• _Your task_: All lines from the one containing "Radaway Nes Black" through the final line of the listing below, and no others, must be returned exactly; no pictures belong in the copy.

• _Data shown_:
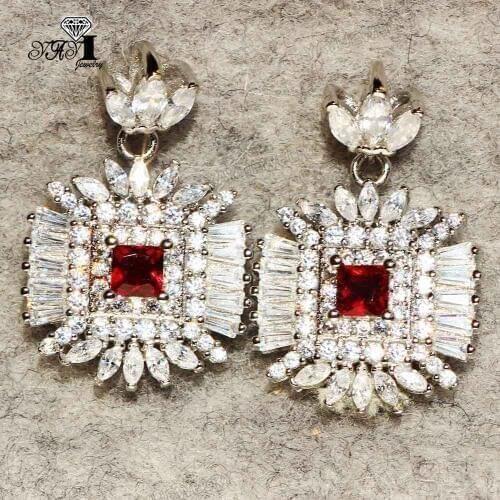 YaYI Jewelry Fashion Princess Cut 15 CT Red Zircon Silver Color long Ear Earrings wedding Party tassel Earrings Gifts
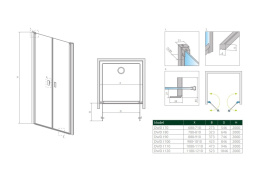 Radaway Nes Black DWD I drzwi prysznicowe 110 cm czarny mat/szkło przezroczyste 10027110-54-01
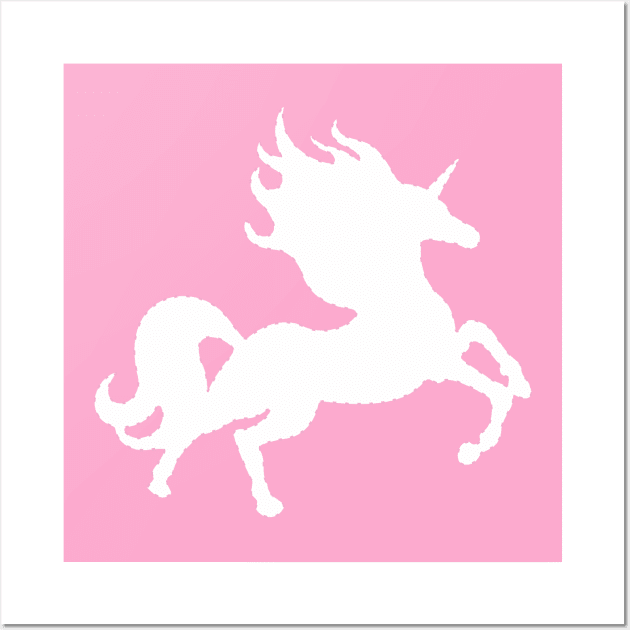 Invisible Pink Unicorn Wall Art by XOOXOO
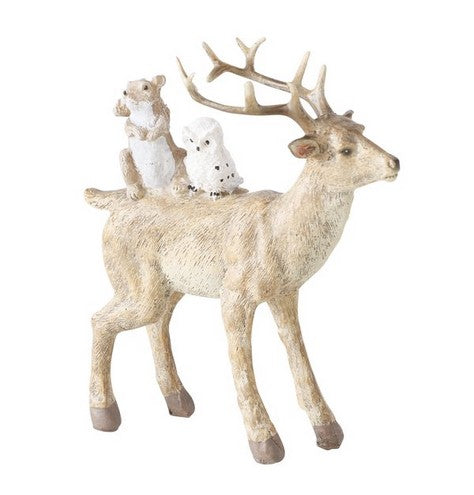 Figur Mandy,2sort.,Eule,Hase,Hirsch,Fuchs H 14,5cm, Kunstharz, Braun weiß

• _Task output_:
 Radaway Nes Black DWD I drzwi prysznicowe 110 cm czarny mat/szkło przezroczyste 10027110-54-01
 Invisible Pink Unicorn Wall Art by XOOXOO
 Figur Mandy,2sort.,Eule,Hase,Hirsch,Fuchs H 14,5cm, Kunstharz, Braun weiß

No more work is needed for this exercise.